Makes 12 large buns or 18 medium-sized
What you need…
1 x electric mixer fitted with a dough hook!!!!
2 x baking sheets, lined with Bake O Glide/ baking paper
1 x piping bag fitted with a fine 3mm nozzle (for the crosses)
500g strong white flour, plus extra for dusting
75g caster sugar
2 teaspoons mixed spice
1 teaspoon ground cinnamon
Grated zest of 1 lemon
10g fast-action dried yeast
1 egg, beaten
50g chopped candied peel
Olive oil for greasing
for the topping
75g plain flour
2 tablespoons golden syrup
What to do…
In separate saucepans, gently melt the butter and also warm the milk, just to tepid.
Meanwhile, into your mixer, chuck the flour, sugar, spices, lemon zest, salt and yeast. Put the mixer onto a slow speed and blend the ingredients together.
Add the melted butter, half the warm milk and the egg and mix until all the ingredients are blended. Add a little milk at a time now and keep checking the blend – the dough needs to come together and be on the wet side, rather than dry. You might not need all the milk. I reckon I had about 50mls that was not required.

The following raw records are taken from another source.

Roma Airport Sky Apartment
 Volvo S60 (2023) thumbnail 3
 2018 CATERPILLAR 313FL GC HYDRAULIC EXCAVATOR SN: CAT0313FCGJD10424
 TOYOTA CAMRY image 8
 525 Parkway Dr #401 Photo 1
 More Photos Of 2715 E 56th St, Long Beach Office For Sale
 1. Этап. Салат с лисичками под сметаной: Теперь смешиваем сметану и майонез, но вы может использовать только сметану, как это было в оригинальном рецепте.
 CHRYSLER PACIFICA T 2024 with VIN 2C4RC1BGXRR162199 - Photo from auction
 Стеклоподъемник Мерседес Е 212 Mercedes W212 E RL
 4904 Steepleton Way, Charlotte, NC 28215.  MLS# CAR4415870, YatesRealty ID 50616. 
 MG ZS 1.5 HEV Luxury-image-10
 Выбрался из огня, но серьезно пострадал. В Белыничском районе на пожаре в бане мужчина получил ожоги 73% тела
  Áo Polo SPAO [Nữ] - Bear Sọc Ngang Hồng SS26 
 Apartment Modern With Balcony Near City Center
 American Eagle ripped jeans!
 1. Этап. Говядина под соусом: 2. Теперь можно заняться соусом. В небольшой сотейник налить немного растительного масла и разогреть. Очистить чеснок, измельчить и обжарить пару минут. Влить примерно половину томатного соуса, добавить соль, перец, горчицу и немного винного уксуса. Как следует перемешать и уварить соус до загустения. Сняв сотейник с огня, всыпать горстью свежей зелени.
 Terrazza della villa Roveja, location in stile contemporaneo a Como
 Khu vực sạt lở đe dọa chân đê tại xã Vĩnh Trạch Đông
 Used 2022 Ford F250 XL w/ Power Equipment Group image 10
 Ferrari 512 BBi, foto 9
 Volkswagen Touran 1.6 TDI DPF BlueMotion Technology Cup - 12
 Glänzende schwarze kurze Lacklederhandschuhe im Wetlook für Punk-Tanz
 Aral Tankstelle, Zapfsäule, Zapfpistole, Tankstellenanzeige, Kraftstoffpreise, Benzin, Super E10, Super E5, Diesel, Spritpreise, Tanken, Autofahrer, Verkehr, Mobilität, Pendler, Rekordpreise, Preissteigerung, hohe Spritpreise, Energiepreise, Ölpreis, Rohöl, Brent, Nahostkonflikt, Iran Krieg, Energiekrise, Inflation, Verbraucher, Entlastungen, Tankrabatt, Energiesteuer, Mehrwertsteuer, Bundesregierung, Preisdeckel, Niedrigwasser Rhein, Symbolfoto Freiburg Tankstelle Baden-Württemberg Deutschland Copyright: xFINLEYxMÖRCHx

Once you’re happy with the dough, add in the sultanas and candied peel and let the mixer do its thing on a low speed for 10 minutes, at which point the dough will be silky and elastic. Turn it out onto a lightly floured work surface and give it a couple of kneads, just to get it into a ball shape.
Smear olive oil all around the inside of a nice roomy bowl, pop in your dough, cover with cling film and then leave it somewhere warm for 1½ hours or until doubled in size. (I put mine underneath the kitchen radiator).
Turn the dough out onto a lightly floured surface and knead for 5 minutes. Return to the bowl, re-cover with cling film and leave in your chosen warm place for a further hour.
Turn the dough out again onto your floured surface and divide into 12 or 18 equal parts, depending on whether you want large or medium-sized buns. Shape each 1 into a ball and pop them onto the baking sheets, flattening them slightly.
Slip the baking sheets into a large polythene bag (I used large shopping bags) making sure that the bag doesn’t touch the buns – they’ll stick! Leave for a further hour until the buns have doubled in size.
Meanwhile, preheat the oven to 220°c / 425°f / gas 7.
To make the crosses, mix together the water and plain flour to make a paste; then spoon into the piping bag.
When the buns have risen, remove from the bags and pipe a cross on top of each one. Pop the buns in the oven bake for 15 – 20 minutes until pale golden brown (I overdid mine a bit!)
Finally, melt the golden syrup in a pan and, whilst the buns are still warm, brush the top of each one to give them a lovely – sticky – shine. Cool on a wire rack and then dig in to your Easter hot cross buns – they are lovely and worth the return trips to the kitchen!
They are not difficult at all, particularly if you have an electric mixer. But they do tie you to the house for quite a while so your schedule needs to be such that you can pop back into the kitchen to complete the 3 stages. Absolutely worth it if you have the time.